> _WHAT NEEDS TO BE DONE_:
Each record below should be returned exactly, with its pictures left out.

[Data entries]
* * * *
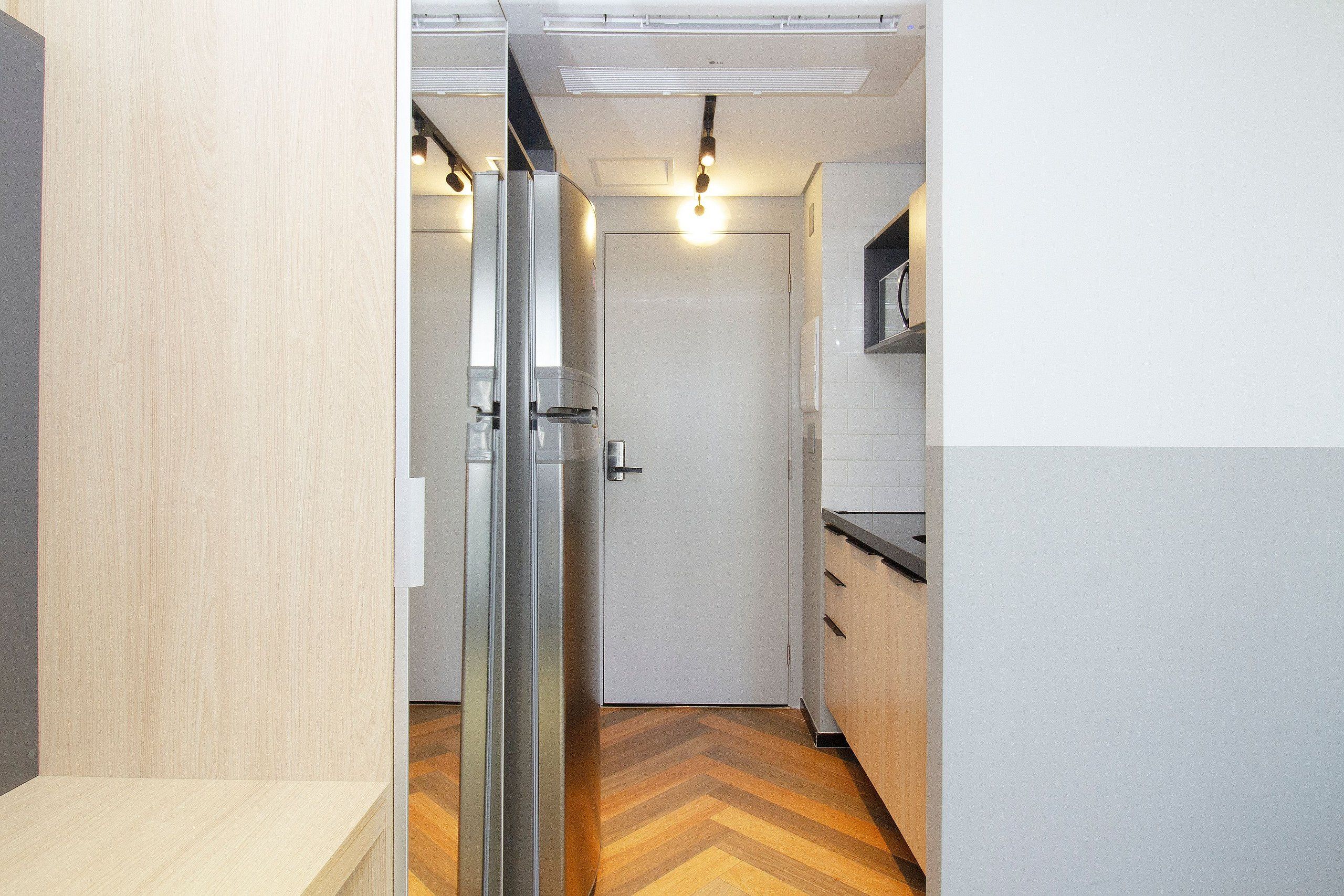 Un couloir étroit avec une porte en verre donnant sur une pièce, une porte blanche au fond, et un coin cuisine avec un plan de travail et des placards.
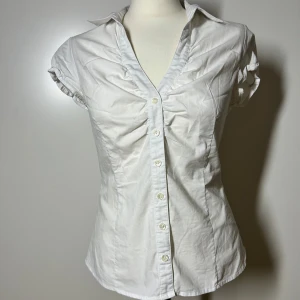 Kortärmad tajt skjorta  - Vit kortärmad figursydd skjorta. Storlek 36. Har även en till tajt skjorta i svart uppe på min plick. Köp sker via köp nu, jag postar inom 24h. Kvar tills markerad såld 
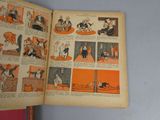 an open book with pictures of people and animals on it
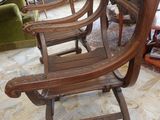 four wooden chairs sitting in a room with a fireplace in the background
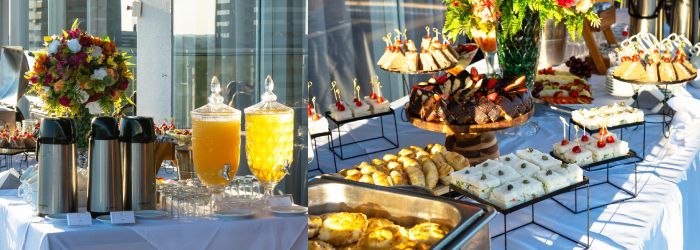 Uma mesa de bufê com jarras de suco, diversas travessas de doces, aperitivos e um arranjo floral como centro de mesa.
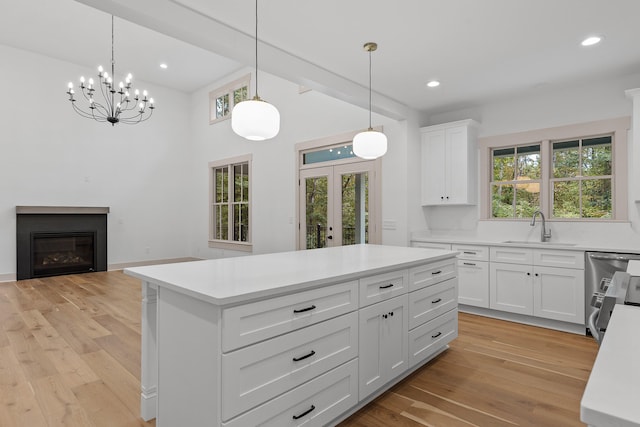 kitchen featuring white cabinets, light hardwood / wood-style flooring, a wealth of natural light, and hanging light fixtures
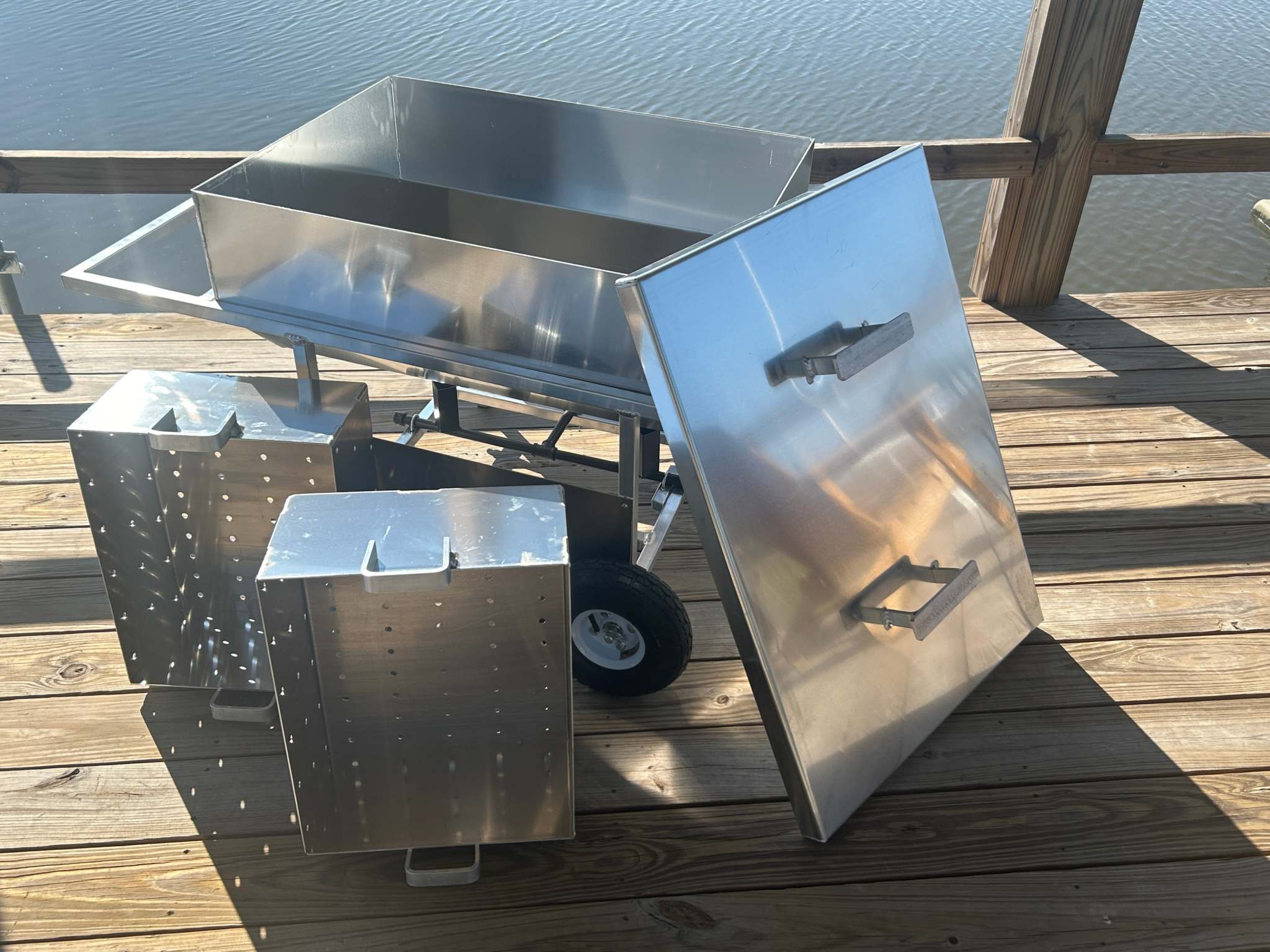Double Basket Classic wheeled cooker, premium aluminum, ideal for shellfish steaming, on wooden deck by water.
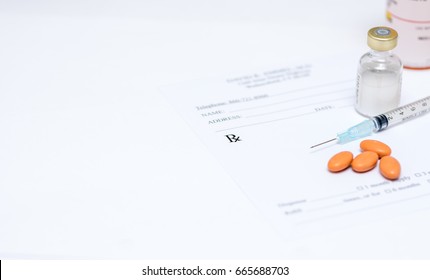 A Syringe And Pills On Top Of A Prescription Pad White Background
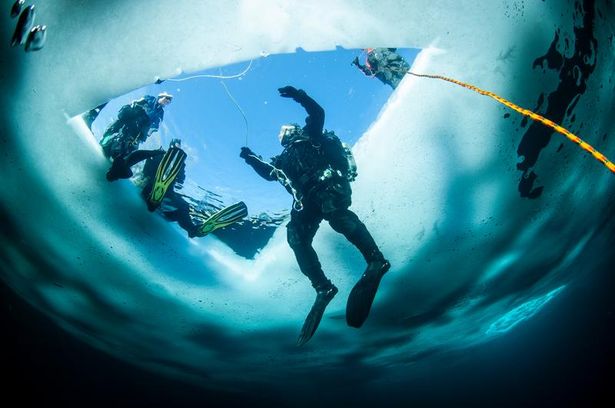 Winter ice diving underwater in a quarry in Canada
* * * *
> _SOLUTION FOR THIS PROBLEM_:
 Un couloir étroit avec une porte en verre donnant sur une pièce, une porte blanche au fond, et un coin cuisine avec un plan de travail et des placards.
 Kortärmad tajt skjorta  - Vit kortärmad figursydd skjorta. Storlek 36. Har även en till tajt skjorta i svart uppe på min plick. Köp sker via köp nu, jag postar inom 24h. Kvar tills markerad såld 
 an open book with pictures of people and animals on it
 four wooden chairs sitting in a room with a fireplace in the background
 Uma mesa de bufê com jarras de suco, diversas travessas de doces, aperitivos e um arranjo floral como centro de mesa.
 kitchen featuring white cabinets, light hardwood / wood-style flooring, a wealth of natural light, and hanging light fixtures
Double Basket Classic wheeled cooker, premium aluminum, ideal for shellfish steaming, on wooden deck by water.
 A Syringe And Pills On Top Of A Prescription Pad White Background
 Winter ice diving underwater in a quarry in Canada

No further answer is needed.